## What to do
Return nothing except the lines from the one that contains "The Adventures of" through the end of the material below, each exactly as given.

◆ ◆ ◆ ◆ ◆

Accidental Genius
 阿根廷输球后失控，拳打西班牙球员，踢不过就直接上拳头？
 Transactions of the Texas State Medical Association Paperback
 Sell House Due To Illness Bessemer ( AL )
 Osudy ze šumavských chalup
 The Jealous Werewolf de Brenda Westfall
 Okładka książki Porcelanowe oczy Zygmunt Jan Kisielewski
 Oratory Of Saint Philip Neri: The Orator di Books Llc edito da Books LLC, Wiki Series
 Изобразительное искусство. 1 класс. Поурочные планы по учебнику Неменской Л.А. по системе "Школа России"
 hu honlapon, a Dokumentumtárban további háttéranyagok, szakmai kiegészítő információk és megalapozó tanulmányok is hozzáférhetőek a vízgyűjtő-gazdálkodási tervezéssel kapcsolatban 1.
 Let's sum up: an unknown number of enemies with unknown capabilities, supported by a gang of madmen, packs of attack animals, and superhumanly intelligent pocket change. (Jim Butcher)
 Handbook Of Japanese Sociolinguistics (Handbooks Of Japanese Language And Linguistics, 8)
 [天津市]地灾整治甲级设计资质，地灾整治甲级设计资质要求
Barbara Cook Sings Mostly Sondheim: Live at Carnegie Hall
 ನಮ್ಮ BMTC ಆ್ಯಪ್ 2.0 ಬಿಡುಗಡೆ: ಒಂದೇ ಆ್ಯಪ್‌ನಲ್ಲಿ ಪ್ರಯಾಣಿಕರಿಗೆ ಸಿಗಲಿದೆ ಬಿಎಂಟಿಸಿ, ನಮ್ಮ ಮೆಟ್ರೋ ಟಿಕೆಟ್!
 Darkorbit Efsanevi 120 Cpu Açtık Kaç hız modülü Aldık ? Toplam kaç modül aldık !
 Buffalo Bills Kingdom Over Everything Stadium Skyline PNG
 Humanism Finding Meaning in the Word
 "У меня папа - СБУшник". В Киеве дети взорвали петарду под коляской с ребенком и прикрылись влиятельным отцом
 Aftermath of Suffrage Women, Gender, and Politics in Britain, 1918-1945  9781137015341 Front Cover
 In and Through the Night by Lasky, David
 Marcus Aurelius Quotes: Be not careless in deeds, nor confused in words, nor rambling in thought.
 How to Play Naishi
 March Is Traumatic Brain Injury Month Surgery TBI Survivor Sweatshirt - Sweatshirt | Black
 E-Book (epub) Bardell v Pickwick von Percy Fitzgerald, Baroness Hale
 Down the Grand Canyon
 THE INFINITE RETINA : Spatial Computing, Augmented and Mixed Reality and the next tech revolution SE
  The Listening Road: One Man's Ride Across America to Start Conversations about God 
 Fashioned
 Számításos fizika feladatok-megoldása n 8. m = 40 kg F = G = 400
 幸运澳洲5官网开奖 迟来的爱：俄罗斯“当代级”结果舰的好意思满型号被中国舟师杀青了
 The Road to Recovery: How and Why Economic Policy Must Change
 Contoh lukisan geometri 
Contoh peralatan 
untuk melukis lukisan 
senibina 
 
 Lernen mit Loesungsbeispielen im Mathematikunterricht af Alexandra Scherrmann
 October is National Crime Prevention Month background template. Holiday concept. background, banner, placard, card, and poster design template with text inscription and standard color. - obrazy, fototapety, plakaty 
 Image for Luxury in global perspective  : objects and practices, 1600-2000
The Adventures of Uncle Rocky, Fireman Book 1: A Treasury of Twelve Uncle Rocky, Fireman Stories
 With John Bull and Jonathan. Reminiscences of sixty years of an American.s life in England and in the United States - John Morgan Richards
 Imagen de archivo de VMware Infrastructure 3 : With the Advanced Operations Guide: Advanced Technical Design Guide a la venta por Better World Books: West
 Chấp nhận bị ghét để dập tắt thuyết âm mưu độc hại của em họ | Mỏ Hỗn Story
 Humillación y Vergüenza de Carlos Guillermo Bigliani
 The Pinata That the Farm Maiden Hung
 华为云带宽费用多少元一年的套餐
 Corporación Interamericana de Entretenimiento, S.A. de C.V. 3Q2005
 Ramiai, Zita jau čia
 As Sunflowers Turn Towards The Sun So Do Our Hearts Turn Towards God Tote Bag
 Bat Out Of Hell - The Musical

◆ ◆ ◆ ◆ ◆

## Completed exercise
The Adventures of Uncle Rocky, Fireman Book 1: A Treasury of Twelve Uncle Rocky, Fireman Stories
 With John Bull and Jonathan. Reminiscences of sixty years of an American.s life in England and in the United States - John Morgan Richards
 Imagen de archivo de VMware Infrastructure 3 : With the Advanced Operations Guide: Advanced Technical Design Guide a la venta por Better World Books: West
 Chấp nhận bị ghét để dập tắt thuyết âm mưu độc hại của em họ | Mỏ Hỗn Story
 Humillación y Vergüenza de Carlos Guillermo Bigliani
 The Pinata That the Farm Maiden Hung
 华为云带宽费用多少元一年的套餐
 Corporación Interamericana de Entretenimiento, S.A. de C.V. 3Q2005
 Ramiai, Zita jau čia
 As Sunflowers Turn Towards The Sun So Do Our Hearts Turn Towards God Tote Bag
 Bat Out Of Hell - The Musical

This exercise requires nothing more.